[HOW TO COMPLETE THIS TASK]
Write out again, exactly, the lines below starting at the one with "yellow tulips" and ending at the one with "Petroglyph panel shows".

[DATASET RECORDS]
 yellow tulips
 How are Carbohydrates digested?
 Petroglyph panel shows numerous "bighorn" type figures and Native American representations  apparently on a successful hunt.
...
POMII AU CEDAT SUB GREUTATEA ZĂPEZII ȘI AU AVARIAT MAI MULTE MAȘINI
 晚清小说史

[SOLUTION TO THE EXERCISE]
 yellow tulips
 How are Carbohydrates digested?
 Petroglyph panel shows numerous "bighorn" type figures and Native American representations  apparently on a successful hunt.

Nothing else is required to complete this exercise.